A double quoted string encodes the characters placed between the pair of double quotes. A backslash is used to encode a backslash or a double quote character, and also a tab, a newline or a null using the characters 't', 'n' or '0' respectively.

    "\tline 1\n\"line\" 2\n"
unquoted_string: /([^<BLANKS><BREAK><HASH>](?:[^<BREAK><HASH>]*[^<BLANKS><BREAK><HASH>])?)/

AN unquoted string is the first to last non-space characters on a line before an optional comment.

Top Level Document Grammar

document: <meta_section> <test_section> <data_section>?

A TestML Document consists of 3 sections, a meta section followed by a test section followed by an optional inline data section.

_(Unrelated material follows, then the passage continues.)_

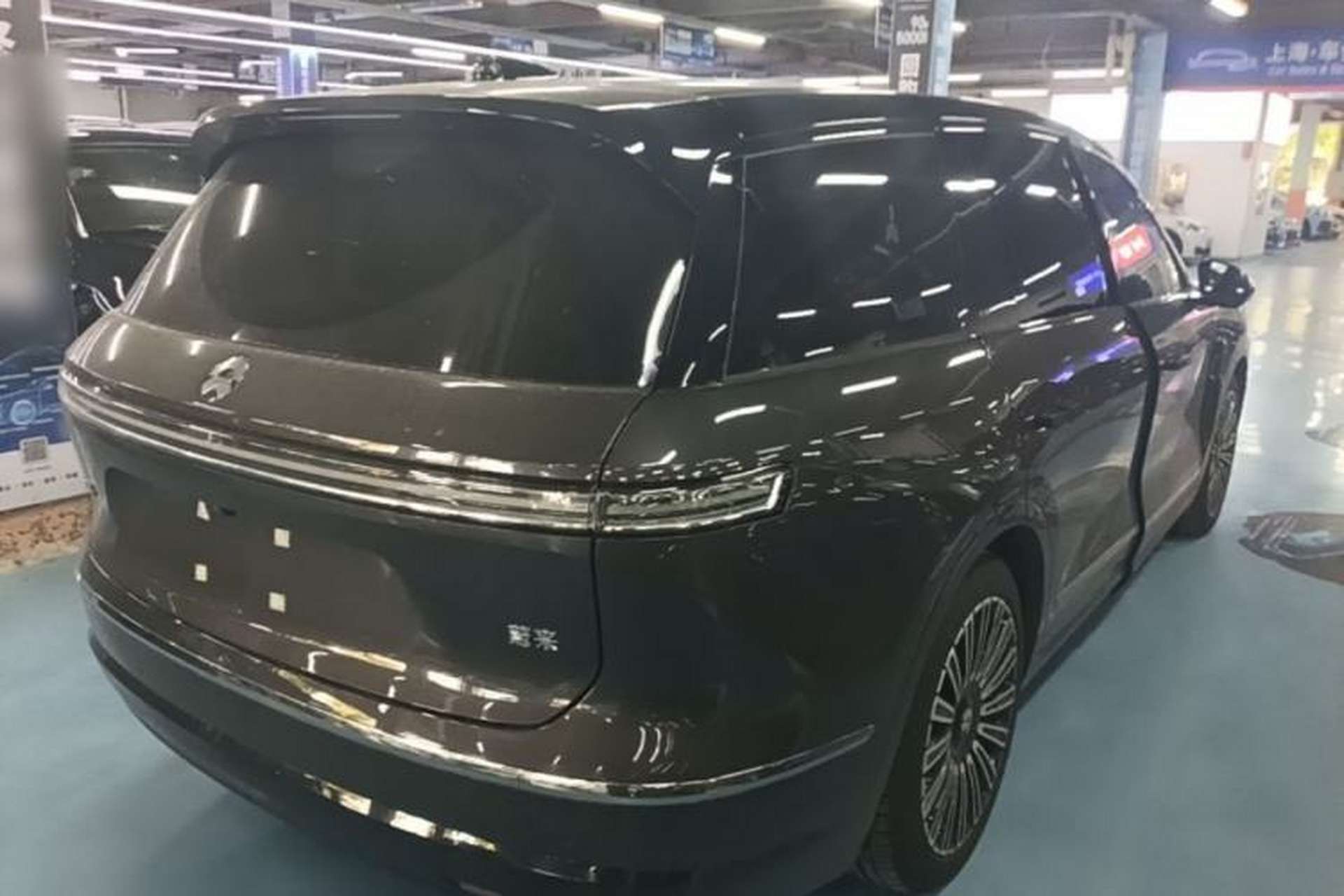 Used Nio ES8 2026 Model 6-seat Executive Luxury Edition Rear Right 45 Deg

Here is an example document:

    # TestML document includes:
    # Meta statements,
    %TestML: 1.0
    # And test statements.
    *foo.upper == *bar;
    *foo == *bar.lower;
    # And a data section that defines data blocks.
    === Test vowels
    --- foo: i ie ie
    --- bar: I IE IE
    === Test consonants
    --- foo
    lk p
    --- bar
    LK P

Meta Section of the Grammar

meta_section: [ <comment> | <blank_line> ]* <meta_testml_statement> [ <meta_statement> | <comment> | <blank_line> ]*

The meta section is the first section of the document. It must contain a testml version statement, and that statement must be the first meta statement declared.

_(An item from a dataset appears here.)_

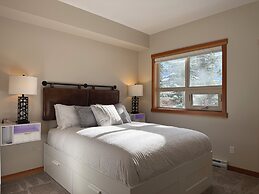 Mountain View Condo - Lodges at Canmore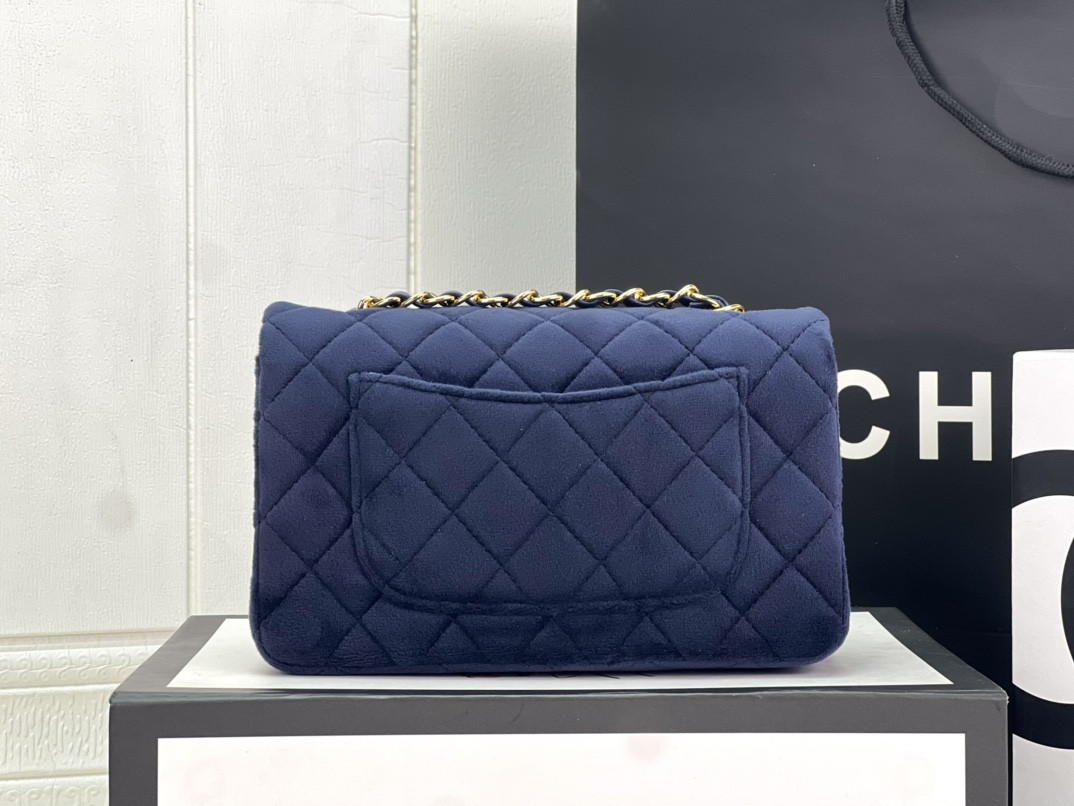 Chanel Classic Flap Bag 20cm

The parsing of the meta section should instantiate a Meta object.

meta_testml_statement: /%TestML:/ <BLANK>+ <testml_version> [ <BLANK>+ <comment> | <EOL> ]

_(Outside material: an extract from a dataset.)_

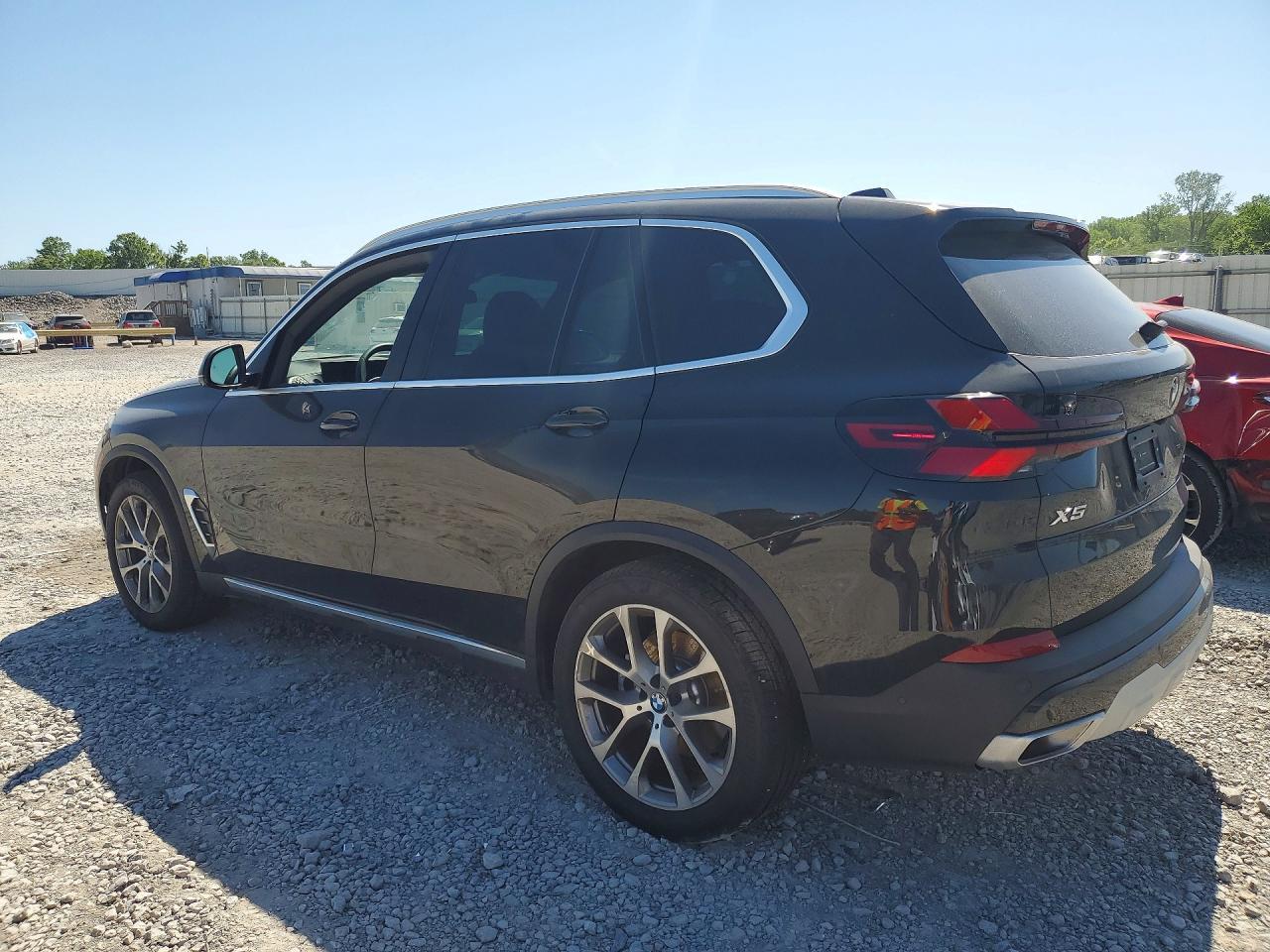 2026 BMW X5 xDrive40I - zdjęcie 2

The meta testml statement is required, must be the first meta statement, and must specify a valid TestML release version number.

testml_version: <DIGIT> <DOT> <DIGIT>+

Currently the only valid version number is '1.0'.

meta_statement: /%/ <meta_keyword> /:/ <BLANK>+ <meta_value> [ <BLANK>+ <comment> | <EOL> ]

Meta statements are key/value pairs separated by a colon and a BLANK.

NOTE: A given meta setting may affect the document parsing/grammar from that point forward.

<meta_keyword>: <core_meta_keyword> | <user_meta_keyword>

Meta settings come in two forms. TestML defined core settings, and user defined settings.

core_meta_keyword: /(Title|Data|Plan|BlockMarker|PointMarker)/

The listed keywords represent the core meta settings supported in TestML 1.0. See Valid Meta Keywords for the definitions of them.

user_meta_keyword: <LOWER> <WORD>*

A user can make up their own meta settings, as long as they begin with a lower case letter. These values are then available to the runtime code.

meta_value: <quoted_string> | <unquoted_string>

A meta value is the value of the meta setting being defined. Some settings like data are stored as arrays. Multiple statements with they same keyword add an element to the array.

Test Section of the Grammar

This section of TestML is the mini, generic programming language. In a nutshell, the language consists of a list of chained expressions, some of which make assertions. The following statements are valid syntax:

    # Expressions:
    'string';
    function();
    Constant;
    *data_point;
    *data_point.transform;
    *data_point.transform1.transform2;
    *data.trans('string', "string");
    *data1.trans1(*data2, 'str').trans2(*data3.trans3);
    # Assertions:
    <expression> == 'string';
    <expression> == Constant;
    <expression> == <expression>;
    <expression>.EQ(<expression>);

Lines beginning with '#' are comments. The first eight statements are test expressions. The last four lines are test assertions which test the results of two expressions. The last two are equivalent operations using different syntax. (Note: Replace '<expression>' with any valid TestML expression. '<foo>' is not valid TestML syntax)

test_section: [ <ws> | <test_statement> ]*

The test section contains a small program written in the TestML programming language. This language is used to describe transform functions and the assertions that should hold. In other words, the testing program.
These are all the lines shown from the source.